This article originally appeared in the Jewish Journal. View Original. Yeah, I didn’t know it either. I only found out 10 years ago when a friend who lived in Iran came to L.A. for a visit. Just like I...
Jul 30, 2014 | 10:00 am
This article originally appeared in the Jewish Journal. View Original.
Yeah, I didn’t know it either. I only found out 10 years ago when a friend who lived in Iran came to L.A. for a visit. Just like I didn’t know, till I was in my mid-20s, that I’m not Iranian.
I found that out from a random caller to a Persian-language television program produced in Northridge. Like most others of its kind, the program was anti-regime. The host spent a good deal of time enumerating the crimes of the Islamic Republic, among them its stance toward Israel and the arrest and execution of anyone suspected of harboring Zionist sympathies.
A call came in from a viewer: “Why do you dwell on the regime’s treatment of Jews?” a man asked. “It’s not relevant.
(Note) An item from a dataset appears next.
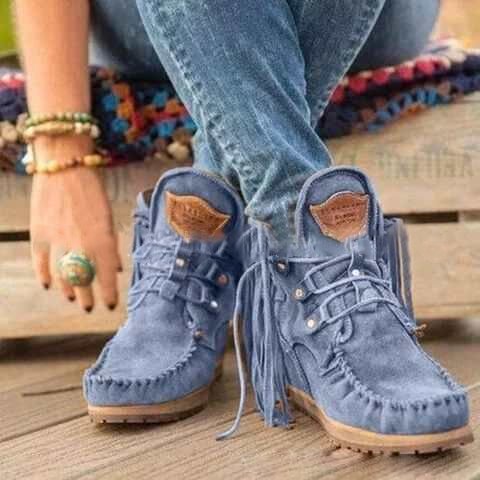 Foreign trade cross-border large size Chelsea tassel short boots women's autumn and winter new European and American women's boots flat tide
Those people are not Iranian.”
A strange thing to say about people who have lived on the land without interruption since 440 B.C., but the sentiment, though refuted by the host, was echoed by other callers. Strange, too, because all my life, I had thought and felt and taken pride in being Iranian.
Are we who we think we are, or what we’re perceived to be?
During the hostage crisis in 1979, when every ailment of Iranian society was blamed on the West and all the vestiges of American pop culture were banned and erased, Dirty Harry, of Clint Eastwood fame, outed himself as a God-fearing, mullah-loving, Iranian Muslim. He rode around at night on a motorbike at the head of a posse of other gun-slinging pasdars (Revolutionary Guards), all Made-in-America semi-automatic weapons and pistols and Marlboro Reds, and searched for Zionists and Americans badly in need of a dose of vigilante justice.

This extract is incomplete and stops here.